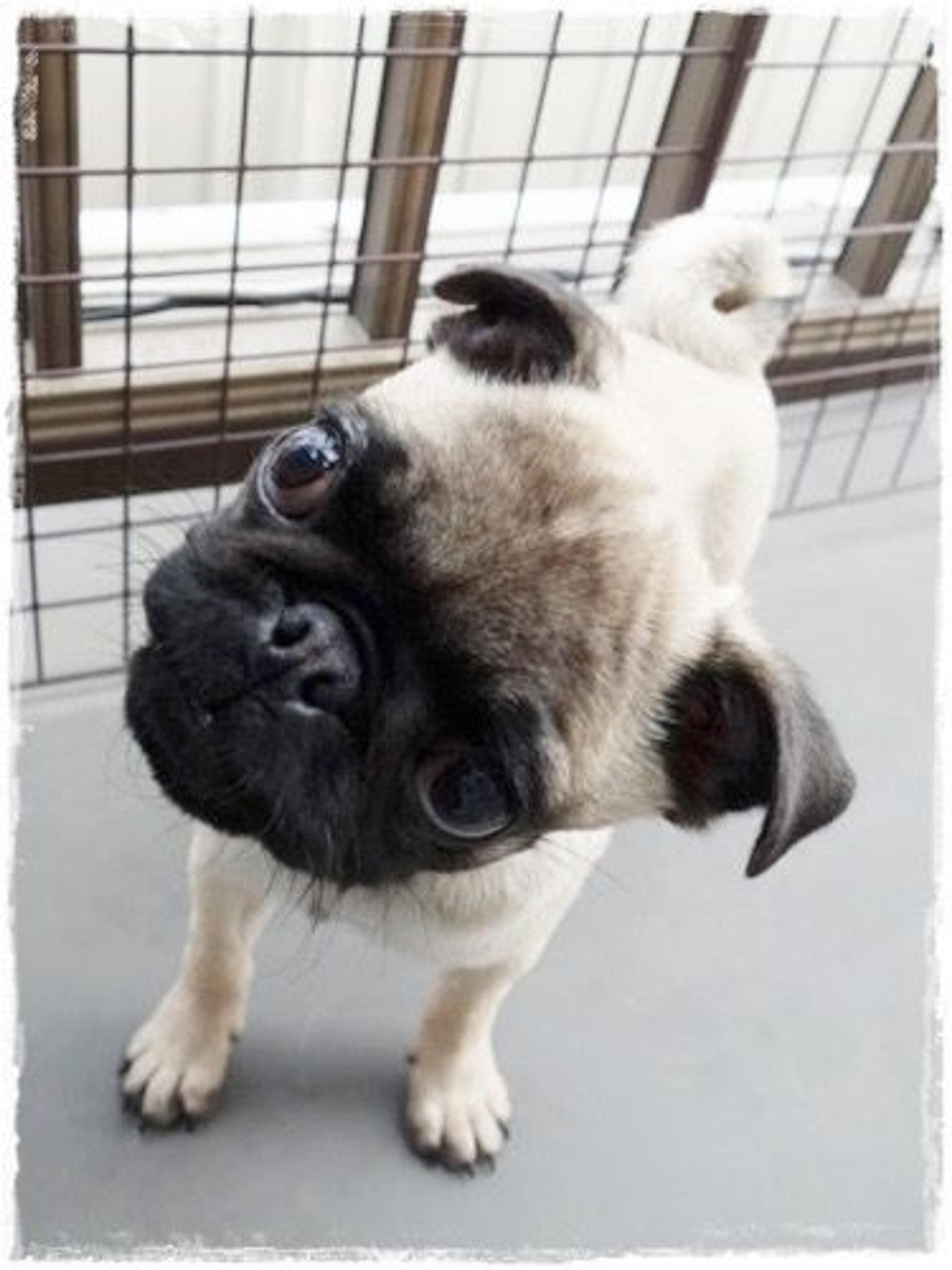pet-image-3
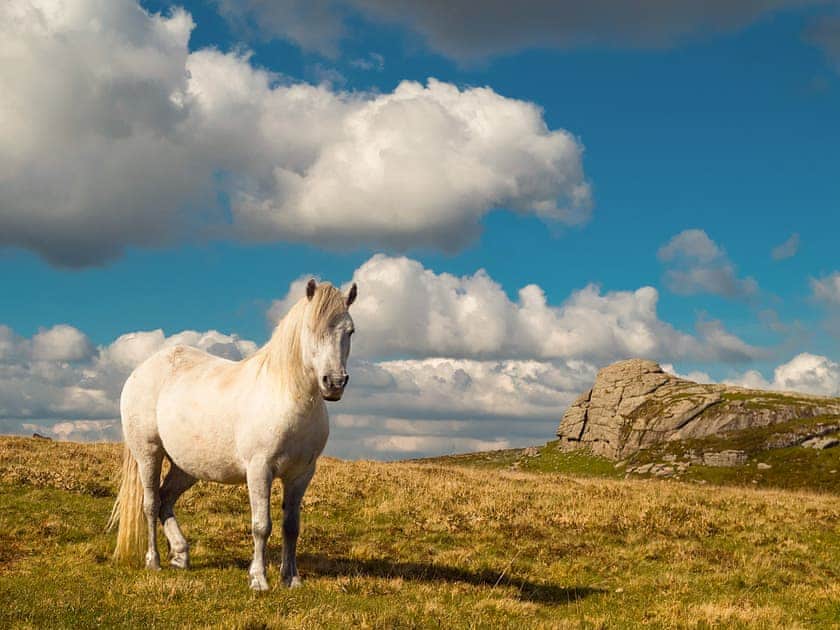 Dartmoor | Garden Cottage - Lower Elsford Farm, Lustleigh, near Bovey Tracey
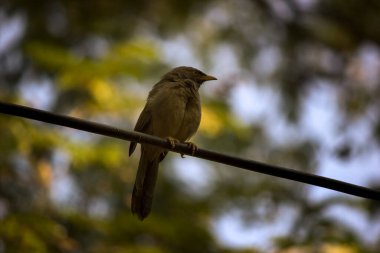 Jungle Babbler, Kuzey Hindistan 'da yedi kız kardeş olarak da bilinen Kahkaha Ardıçkuşu türü.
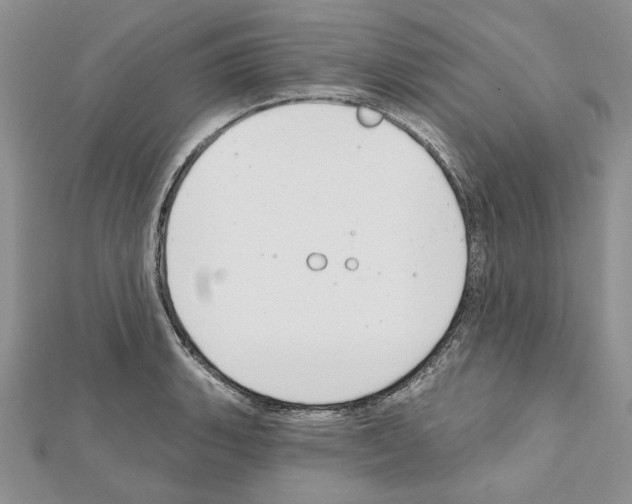 X0000111611135200908281045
■ ■ ■ ■ ■
Work instructions >>
A verbatim copy of the data, pictures removed, is the expected result.

Written solution >>
pet-image-3
 Dartmoor | Garden Cottage - Lower Elsford Farm, Lustleigh, near Bovey Tracey
 Jungle Babbler, Kuzey Hindistan 'da yedi kız kardeş olarak da bilinen Kahkaha Ardıçkuşu türü.
 X0000111611135200908281045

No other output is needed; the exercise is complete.